** INFORMATION GIVEN follows **

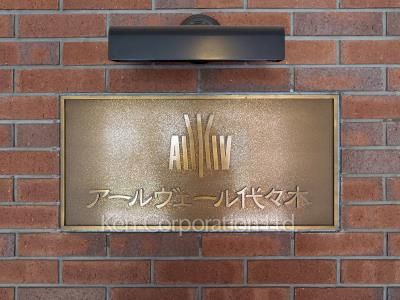  マンションプレート
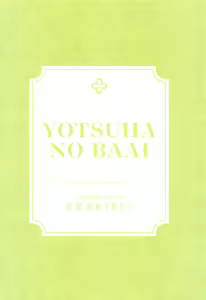 Page 39 of Yotsuba no Baai - preview thumbnail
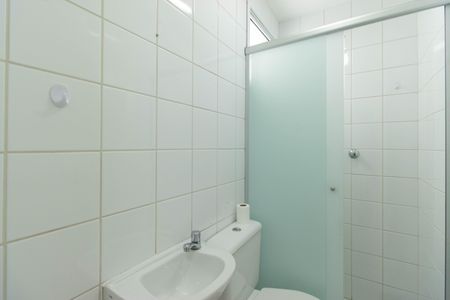 Apartamento para alugar com 133m², 3 quartos e 2 vagas Apartamento para alugar com 133m², 3 quartos e 2 vagasBanheiro de Serviço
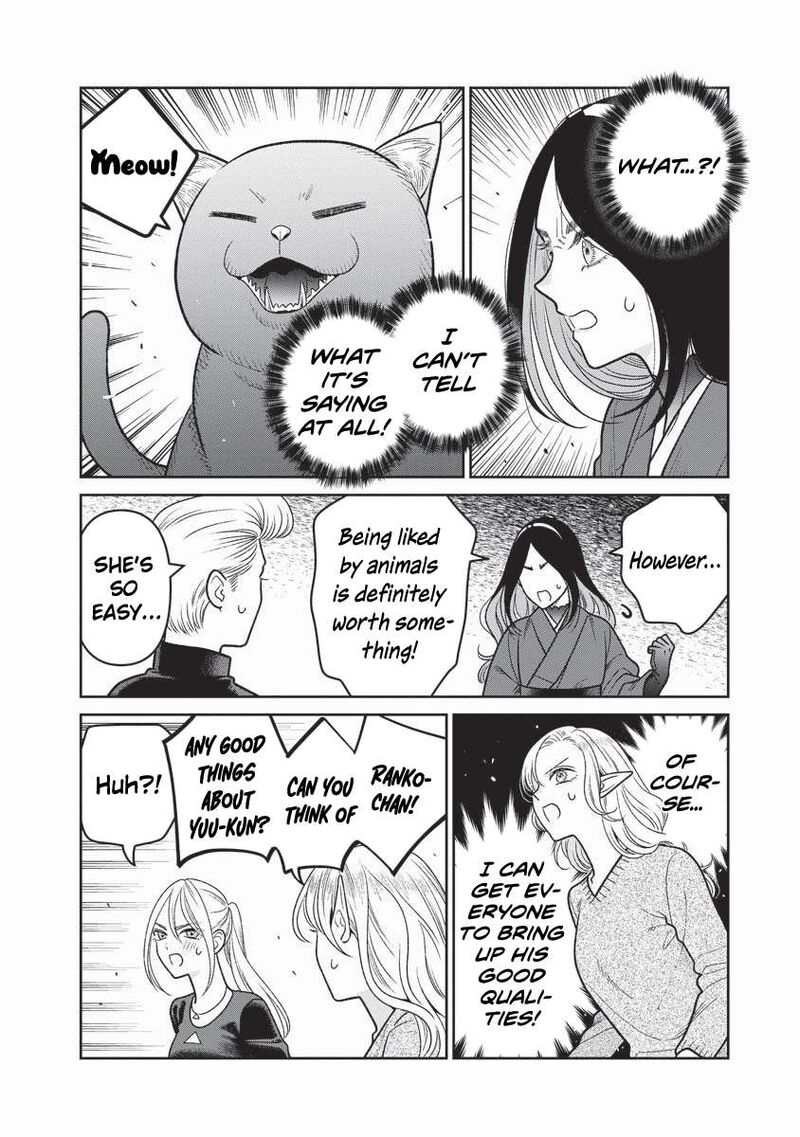 Miboujin Elf No Kanamori San 16 13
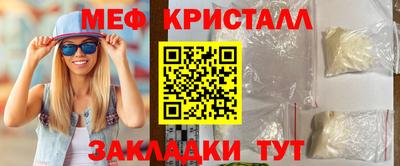 кокаин колумбия Изобильный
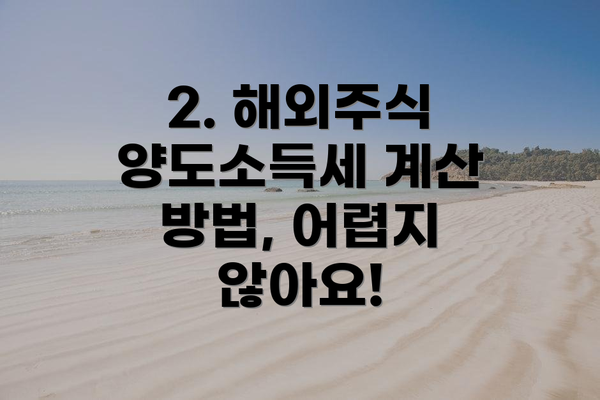 2. 해외주식 양도소득세 계산 방법, 어렵지 않아요!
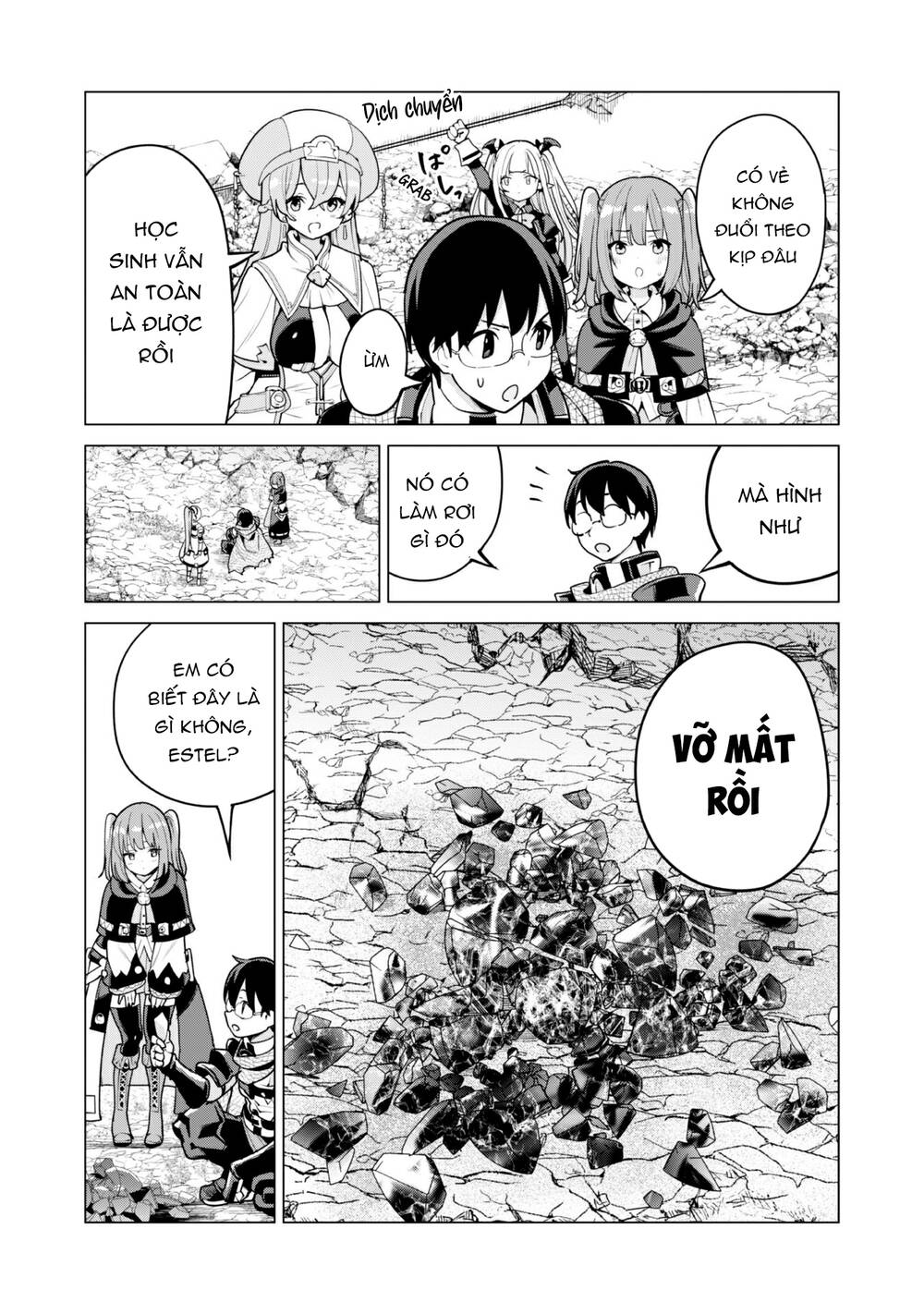 Gacha Wo Mawashite Nakama Wo Fuyasu Saikyou No Bishoujo Gundan Wo Tsukuriagero: Chapter 58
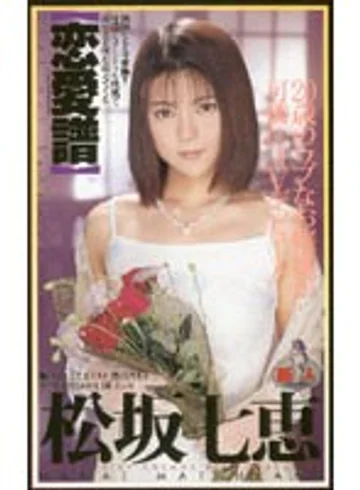 IT-15 jav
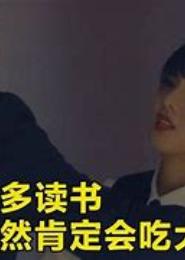 学霸有毒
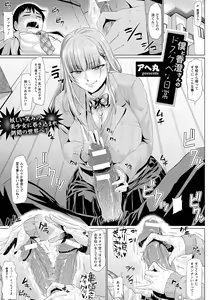 Page 88 of ANGEL Club 2018-02 - preview thumbnail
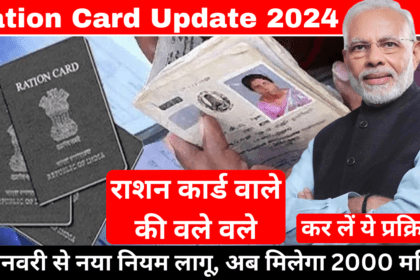 Ration Card January Update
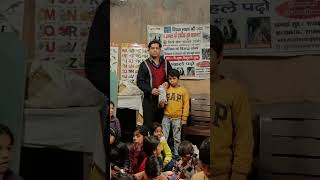 Transformation of Milo Sewa Sangathan #education #ai #aivideo #aiediting #milosewasangathan #ngo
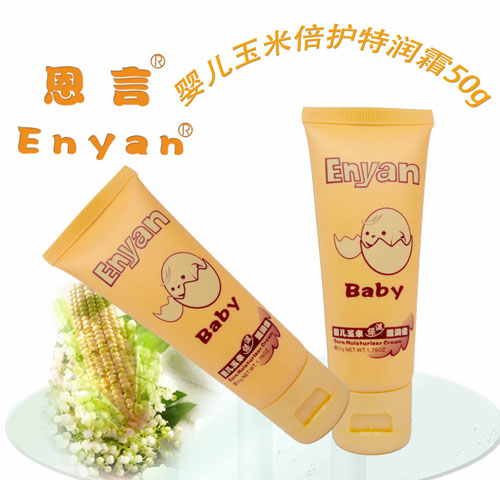 恩言嬰兒玉米倍護(hù)特潤(rùn)霜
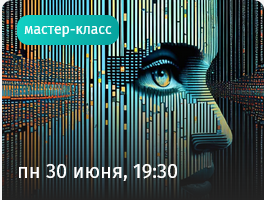 8 Афиша - Лекторий. Прямая речь.png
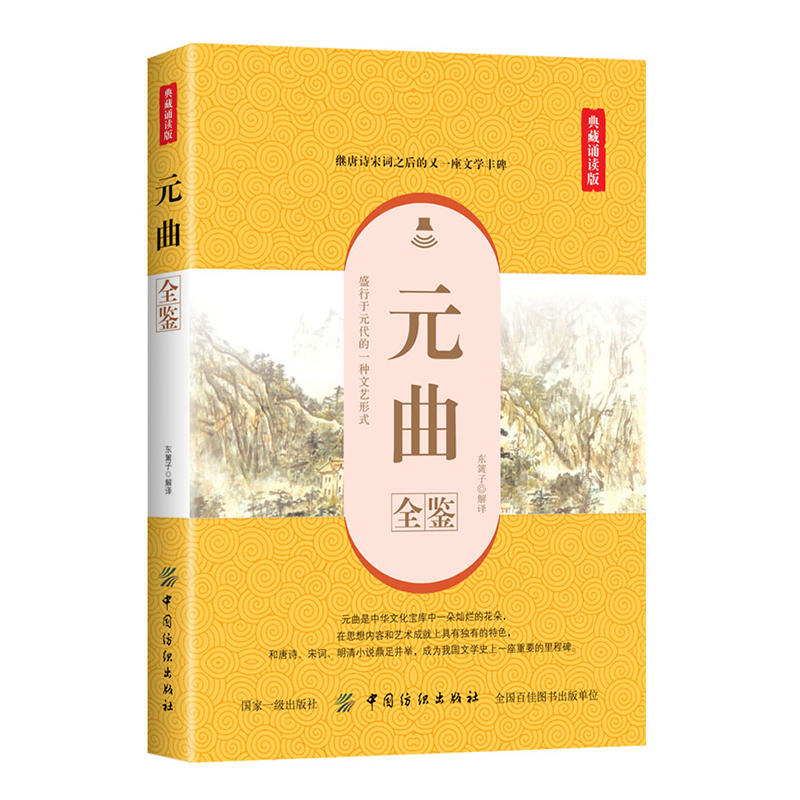 Ԫ��ȫ�b������b�x�棩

** End of INFORMATION GIVEN **

**WHAT YOU HAVE TO DO:** The expected answer is an unaltered copy of the listing, images removed.

**EXERCISE SOLUTION:**
  マンションプレート
 Page 39 of Yotsuba no Baai - preview thumbnail
 Apartamento para alugar com 133m², 3 quartos e 2 vagas Apartamento para alugar com 133m², 3 quartos e 2 vagasBanheiro de Serviço
 Miboujin Elf No Kanamori San 16 13
 кокаин колумбия Изобильный
 2. 해외주식 양도소득세 계산 방법, 어렵지 않아요!
 Gacha Wo Mawashite Nakama Wo Fuyasu Saikyou No Bishoujo Gundan Wo Tsukuriagero: Chapter 58
 IT-15 jav
 学霸有毒
 Page 88 of ANGEL Club 2018-02 - preview thumbnail
 Ration Card January Update
 Transformation of Milo Sewa Sangathan #education #ai #aivideo #aiediting #milosewasangathan #ngo
 恩言嬰兒玉米倍護(hù)特潤(rùn)霜
 8 Афиша - Лекторий. Прямая речь.png
 Ԫ��ȫ�b������b�x�棩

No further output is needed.